Weight <- matrix(sample(1:100, 1000 * 4, TRUE), 1000, 4)
x <- runif(nrow(Weight))
cumul.w <- Weight %*% upper.tri(diag(ncol(Weight)), diag = TRUE) / rowSums(Weight)
i <- rowSums(x > cumul.w) + 1L
selection <- y[i]
Also note how I computed the cumulative sums by multiplying by a triangular matrix instead of using the slower apply(Weight, 1, cumsum). Everything is vectorized so it should be way faster than using an apply or for loop.

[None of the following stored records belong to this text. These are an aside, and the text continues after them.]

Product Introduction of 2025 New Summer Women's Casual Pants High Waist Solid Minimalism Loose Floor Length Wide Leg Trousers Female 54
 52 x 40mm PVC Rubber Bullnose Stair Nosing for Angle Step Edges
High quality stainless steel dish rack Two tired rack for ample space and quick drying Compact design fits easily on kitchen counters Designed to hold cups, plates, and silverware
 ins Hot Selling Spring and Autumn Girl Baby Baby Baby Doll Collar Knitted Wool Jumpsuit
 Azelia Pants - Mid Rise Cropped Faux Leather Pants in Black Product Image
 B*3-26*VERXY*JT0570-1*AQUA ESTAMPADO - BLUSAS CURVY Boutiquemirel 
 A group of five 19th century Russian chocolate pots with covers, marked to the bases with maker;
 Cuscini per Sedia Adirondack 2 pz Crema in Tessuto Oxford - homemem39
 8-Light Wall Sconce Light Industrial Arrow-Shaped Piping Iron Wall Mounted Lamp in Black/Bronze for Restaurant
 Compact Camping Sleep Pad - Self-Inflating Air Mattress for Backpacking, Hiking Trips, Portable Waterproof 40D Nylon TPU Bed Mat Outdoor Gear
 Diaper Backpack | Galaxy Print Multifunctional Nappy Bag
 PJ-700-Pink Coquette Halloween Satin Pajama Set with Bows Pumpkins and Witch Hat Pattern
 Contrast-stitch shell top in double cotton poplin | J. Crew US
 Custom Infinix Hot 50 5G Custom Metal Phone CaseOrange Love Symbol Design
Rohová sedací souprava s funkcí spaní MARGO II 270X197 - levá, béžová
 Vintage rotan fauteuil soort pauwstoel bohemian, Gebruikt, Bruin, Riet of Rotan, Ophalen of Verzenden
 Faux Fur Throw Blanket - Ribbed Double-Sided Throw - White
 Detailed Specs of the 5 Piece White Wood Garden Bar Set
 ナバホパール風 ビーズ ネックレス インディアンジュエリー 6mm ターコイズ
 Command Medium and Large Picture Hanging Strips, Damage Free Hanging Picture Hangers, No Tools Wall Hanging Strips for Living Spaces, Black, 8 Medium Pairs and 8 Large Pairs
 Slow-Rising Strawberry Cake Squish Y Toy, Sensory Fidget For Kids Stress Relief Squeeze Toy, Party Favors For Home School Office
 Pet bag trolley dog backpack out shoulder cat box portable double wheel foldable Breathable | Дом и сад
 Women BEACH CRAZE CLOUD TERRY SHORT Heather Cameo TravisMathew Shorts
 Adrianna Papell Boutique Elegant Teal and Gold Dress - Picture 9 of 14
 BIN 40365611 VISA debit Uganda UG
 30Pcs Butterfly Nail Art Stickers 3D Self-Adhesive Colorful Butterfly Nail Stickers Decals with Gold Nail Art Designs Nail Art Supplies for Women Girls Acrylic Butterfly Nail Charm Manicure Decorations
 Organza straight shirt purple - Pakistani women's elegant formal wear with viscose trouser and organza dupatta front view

Benchmark comparison with apply and for:
f_runif <- function(Weight, y) {
x <- runif(nrow(Weight))
cumul.w <- Weight %*% upper.tri(diag(ncol(Weight)), diag = TRUE) /
rowSums(Weight)
i <- rowSums(x > cumul.w) + 1L
y[i]
}
f_for <- function(Weight, y) {
selection <- rep(NA, nrow(Weight))
for(i in 1:nrow(Weight)){
selection[i] <- sample(y, 1, prob=Weight[i,])
}
}
f_apply <- function(Weight, y) {
apply(Weight, 1, function(w)sample(y, 1, prob=w))
}
y <- c("a", "b", "c", "d")
Weight <- matrix(sample(1:100, 1000 * 4, TRUE), 1000, 4)
library(microbenchmark)
microbenchmark(f_runif(Weight, y),
f_for (Weight, y),
f_apply(Weight, y))
# Unit: microseconds
# expr min lq median uq max neval
# f_runif(Weight, y) 223.635 231.111 274.531 281.2165 1443.208 100
# f_for(Weight, y) 10220.674 11238.660 11574.039 11917.1610 14583.028 100
# f_apply(Weight, y) 9006.974 10016.747 10509.150 10879.9245 27060.189 100
Wrap your sample into a function that lets you pass only one argument, a row from Weight:
myfun <- function(w) {
sample(y, 1, prob=w)
}
Then you can use one of the apply family:
apply(Weight, 1, myfun)
However, so long as you have pre-allocated selection your method is not terribly inefficient.